Whiplash

Anyone else out there suffering from emotional whiplash?

One minute I’m enjoying springtime sunshine and a cool breeze. The next minute I’m sad for my black and brown friends who tell me they don’t feel safe when they go out (Ahmaud Arbery) *or* when they stay home (Breonna Taylor). That’s followed by anger about George Floyd and Eric Garner and Philando Castile and Tamir Rice. Then I hear Ravel’s only piece for string quartet and am transported to a magical place. And then I’m reminded of friends who tragically lost a little one in a horrific accident, and I feel heartbroken.

And behind all of it is this low-level guilt that, no matter what I’m feeling in any given moment, I’m not feeling the right thing. That I should be feeling something else. Gratitude. Grief. Joy. Relief. Rage. Peace that passes understanding.

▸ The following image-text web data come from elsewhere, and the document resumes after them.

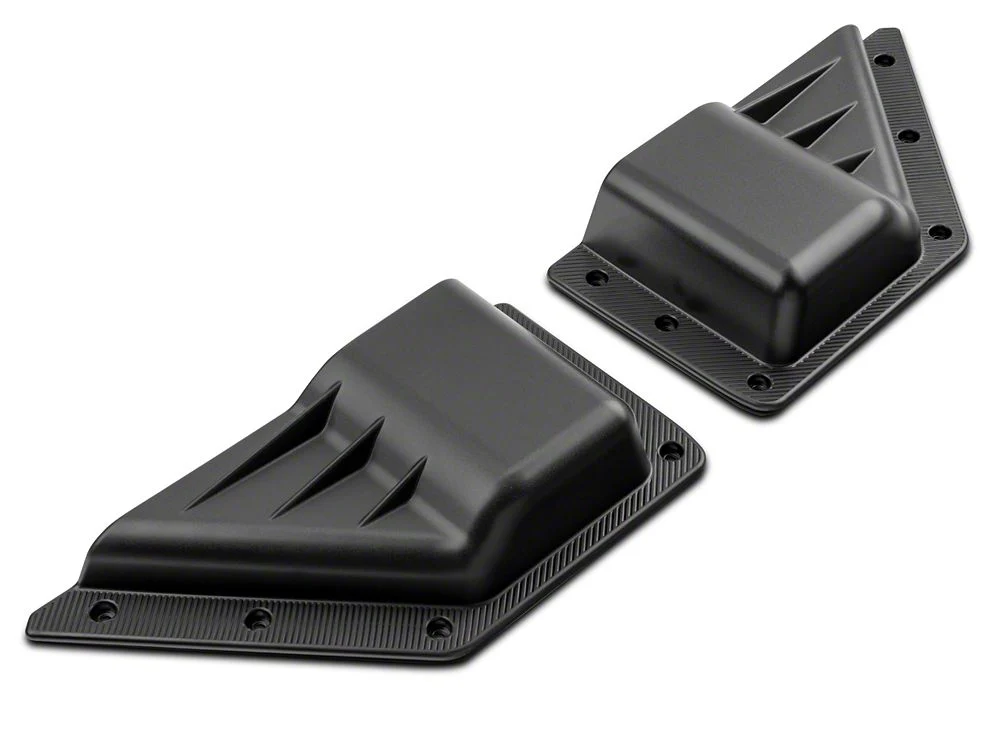 RedRock Front Door Storage Compartment (21-25 Bronco) - Image 5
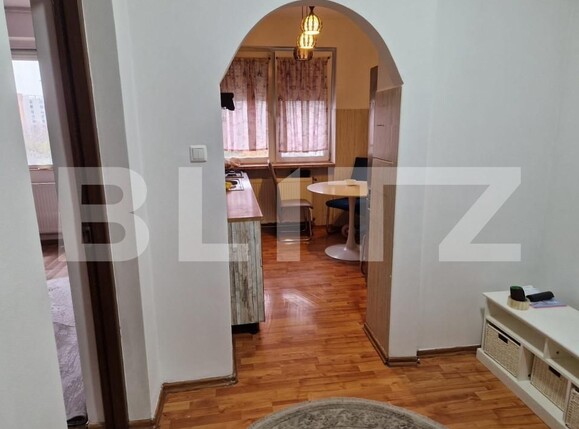 Apartament de vânzare 3 camere Dacia - 162876AV | BLITZ Oradea | Poza6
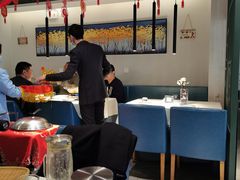 大堂-印湘·剁椒鱼头(安宁庄店)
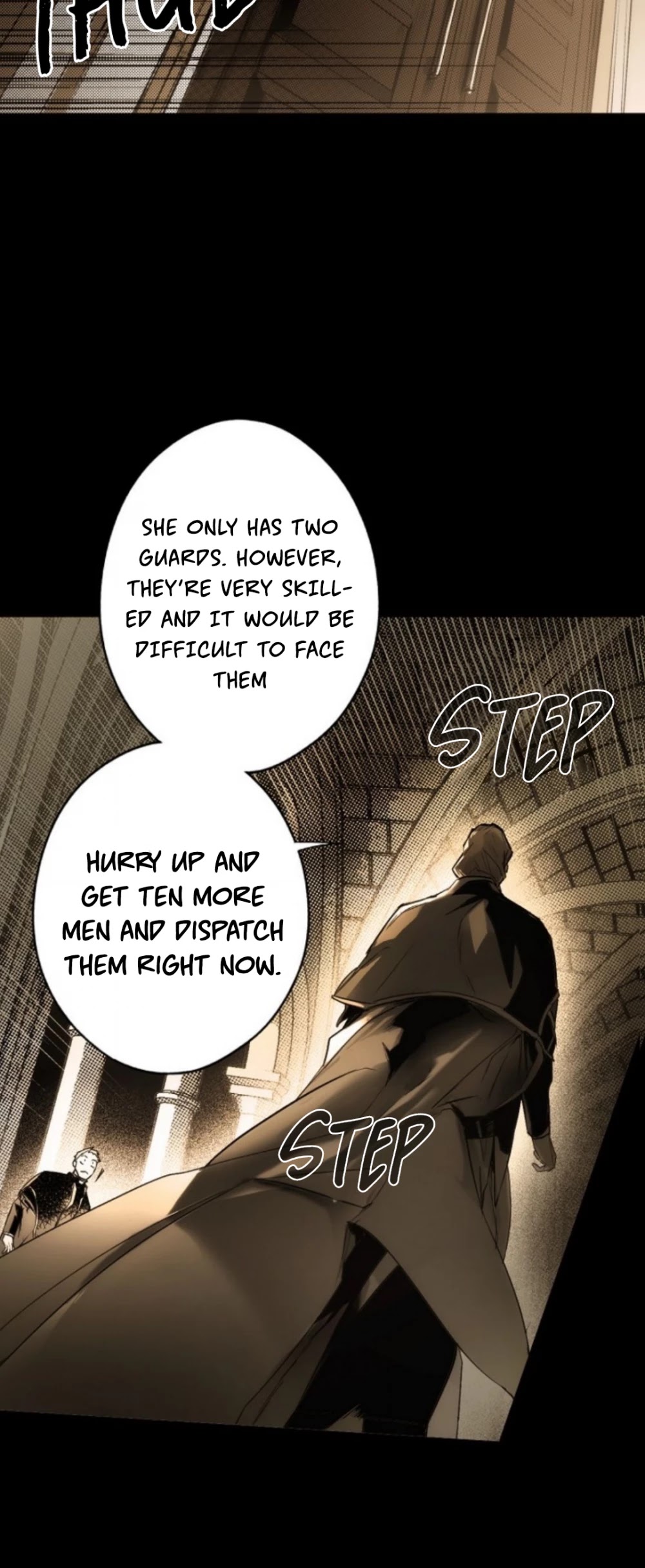A Stepmother's Fairy Tale Chapter 59 page 25 - Chapter 59: Epilogue 3: The Ending of a Fairy Tale (4)
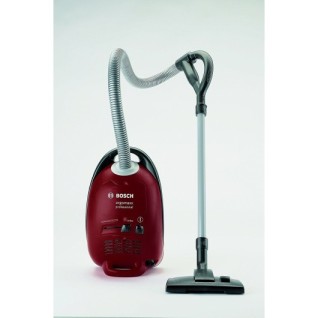 SUNMAN Klein Bosch Oyuncak Elektrikli Süpürge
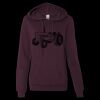 Women's Junior Fit Heavenly Fleece Lightweight Hooded Sweatshirt Thumbnail
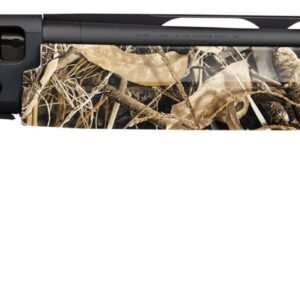 Mossberg 940 SPX Shotgun 12ga 3" Chamber 7rd Capacity 18.5'' Barrel FDE Finish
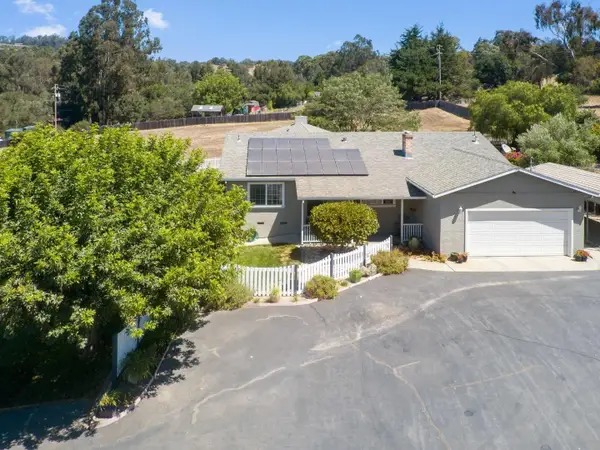 2443 San Juan Road, AROMAS, CA 95004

How to live in this moment? Dear God, how to live?

What comes to mind:

1. Choose to be less productive. As a friend said we are not working from home; we are working from home in a crisis. Or as an article in the Times put it over the weekend we are quarantined, under duress, trying to do work. We don’t know the emotional or spiritual toll this season is taking on us. We need space to be, to process, to rest.

2. Use social media to pray. I scroll too much, looking for the next big thing, living under the false god FOMO. Facebook and Twitter would be life-giving if I stopped to pray for every person whose status I read. (Sadly that would probably also mean I spend less time on social media. I say “sadly” because of how quickly I tire of praying.)

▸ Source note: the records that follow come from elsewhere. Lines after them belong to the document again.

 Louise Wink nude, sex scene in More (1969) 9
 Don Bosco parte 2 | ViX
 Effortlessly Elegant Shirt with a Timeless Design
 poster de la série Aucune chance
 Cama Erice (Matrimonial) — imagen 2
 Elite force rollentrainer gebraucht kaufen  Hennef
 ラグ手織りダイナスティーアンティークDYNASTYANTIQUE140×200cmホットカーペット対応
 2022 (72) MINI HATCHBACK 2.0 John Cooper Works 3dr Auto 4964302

3. Remember Jesus in his humanity, touched with the feeling of our infirmities, now ascended to the presence of God. In a wounded body. Remember that God cares about every wound, every injustice, every tear. Jesus knows how I feel and loves me anyway. So I can be honest with not knowing what to feel, and I can be wrong, and I can be tired, and I can live without guilt. Because Jesus.